Since I'm the source of the information Aharon tried to convey, I will
explain the issue.

I discovered this problem when testing the recently introduced Gawk
debugger facility, specifically the 'restart' command, whose
implementation in Gawk is just this:

  /* restart --- restart the debugger */

  static void
  restart(bool run)
          /* save state in the environment after serialization */

          /* tell the new process to restore state from the environment */
          setenv("DGAWK_RESTART", (run ? "true" : "false"), 1);

          /* close all open files */

          /* start a new process replacing the current process */
          execvp(d_argv[0], d_argv);

          /* execvp failed !!! */
          fprintf(out_fp, _("Failed to restart debugger"));

On Windows, when execvp was called, the result was strange: it looked
like the parent shell from which the original Gawk process was
invoked, and the restarted Gawk were competing for keyboard input: one
in every 2 input lines went to Gawk, the other one to the shell.

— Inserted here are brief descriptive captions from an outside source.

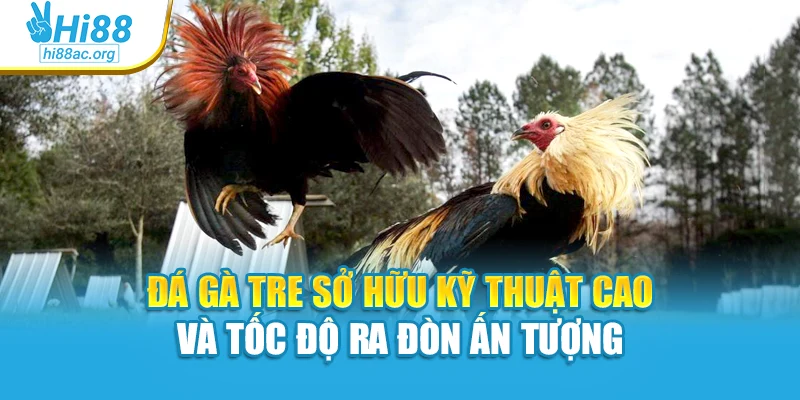 Đá gà tre sở hữu kỹ thuật cao và tốc độ ra đòn ấn tượng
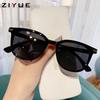 Gafas de Sol Marrones con Marco Negro para Mujer, Gafas de Marco Grande Anti-UV de Gama Alta para Exteriores para Mujer Gafas de Sol Polarizadas Tr90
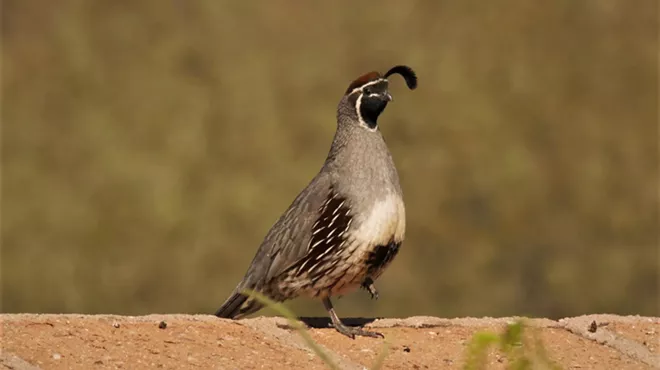 Image: Birds of Mission Garden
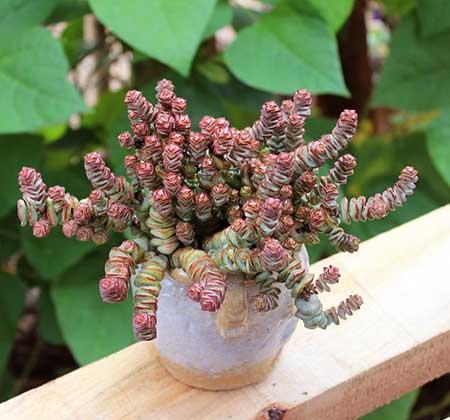 十种最好养的花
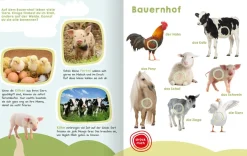 Mein großes Buch der Tiergeräusche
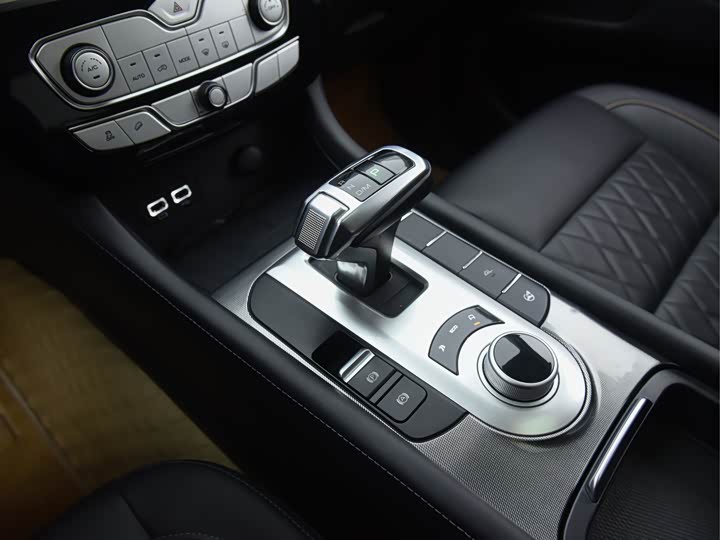 Great Wall  2021 PAO 2.0T passenger car global version automatic gasoline 4WD comfortable model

I then looked into the sources of the Microsoft C runtime library
(which are available as part of installing some of their gratis
packages), and found that the implementation of the exec* family did
the following: it started the process that runs the child program, and
then immediately exited without waiting for the child to finish.  What
that did was return control to the parent shell, which then tried to
read console input, and also leave behind a child process that was now
orphan, but still connected to the console input.  So they both tried
to read the same console input, stomping on each other.

The solution was to reimplement execvp in a way that didn't exit to
the shell until the child program finished.  See pc/gawkmisc.pc in the
Gawk distribution.

Since Grep doesn't (AFAIK) read from console, I think this problem
doesn't affect Grep.  But since I learned the above, I don't trust
exec* functions on Windows and try not to use them at all, ever.